Chair of the National Association for the Advancement of Colored People
- In office 1914–1919
- Preceded by: Oswald Garrison Villard
- Succeeded by: Mary White Ovington

Personal details
- Born: Joel Elias Spingarn May 17, 1875 New York City, New York, U.S.
- Died: July 26, 1939 (aged 64) New York City, New York, U.S.
- Party: Republican (before 1912) Progressive (1912–1916)
- Spouse: Amy Einstein
- Children: 4, including Stephen
- Relatives: Arthur B. Spingarn (brother)
- Education: Columbia University (BA)

= Joel Elias Spingarn =

American civil rights activist (1875–1939)

Joel Elias Spingarn (May 17, 1875 - July 26, 1939) was an American educator, literary critic, civil rights activist, military intelligence officer, and horticulturalist.

==Biography==
Spingarn was born in New York City to an upper middle-class Jewish family. His younger brother was Arthur B. Spingarn. He graduated from Columbia College in 1895. He grew committed to the importance of the study of comparative literature as a discipline distinct from the study of English or any other language-based literary studies.
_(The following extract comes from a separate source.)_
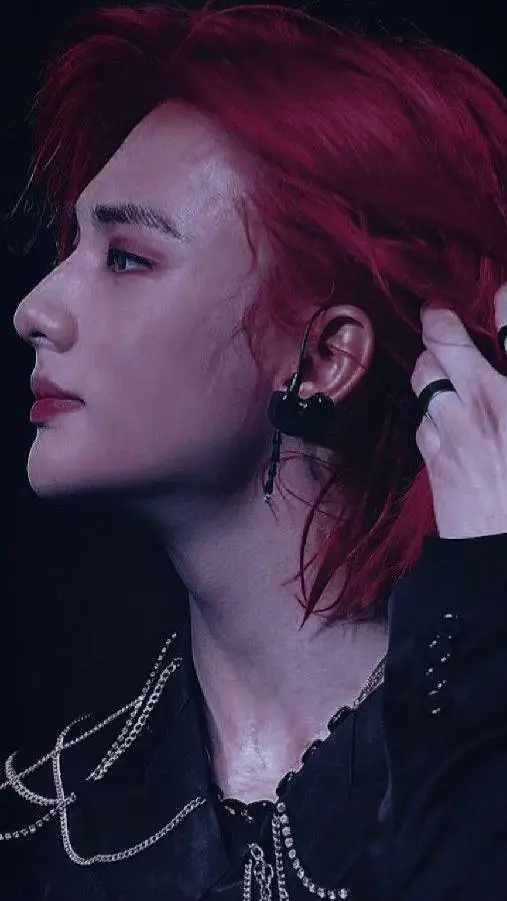 ai character: Hyunjin background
Politics was one of his lifetime passions. In 1908, as a Republican he ran unsuccessfully for a seat in the U.S. House of Representatives. In 1912 and 1916, he was a delegate to the national convention of the Progressive Party. At the first of those conventions, he failed in his attempts to add a statement condemning racial discrimination to the party platform.
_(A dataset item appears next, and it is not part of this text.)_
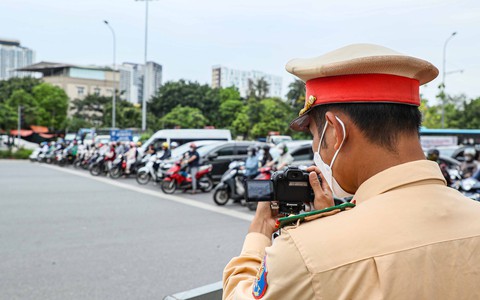 Cảnh sát giao thông Hà Nội tăng cường máy quay ghi hình vi phạm tại các nút giao trọng điểm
He served as professor of comparative literature at Columbia University from 1899 to 1911. His academic publishing established him as one of America's foremost comparativists. It included two editions of A History of Literary Criticism in the Renaissance in 1899 and 1908 as well as edited works like Critical Essays of the Seventeenth-Century in 3 volumes. He summarized his philosophy in The New Criticism: A Lecture Delivered at Columbia University, March 9, 1910. There he argued against the constraints of such traditional categories as genre, theme, and historical setting in favor of viewing each work of art afresh and on its own terms. Spingarn's criticism and aesthetical thought was deeply influenced by the Italian philosopher Benedetto Croce, with whom he was in correspondence since 1899. Croce had Spingarn's masterwork translated in Italian (La critica letteraria nel Rinascimento. Saggio sulle origini dello spirito classico nella letteratura moderna, trad. di Antonio Fusco, pref. di B. Croce, Laterza, Bari 1905). Their correspondence was published in Naples in 2001 (Carteggio Croce-Spingarn, a cura di Emanuele Cutinelli-Rendina, Istituto italiano per gli studi storici, Napoli, 2001).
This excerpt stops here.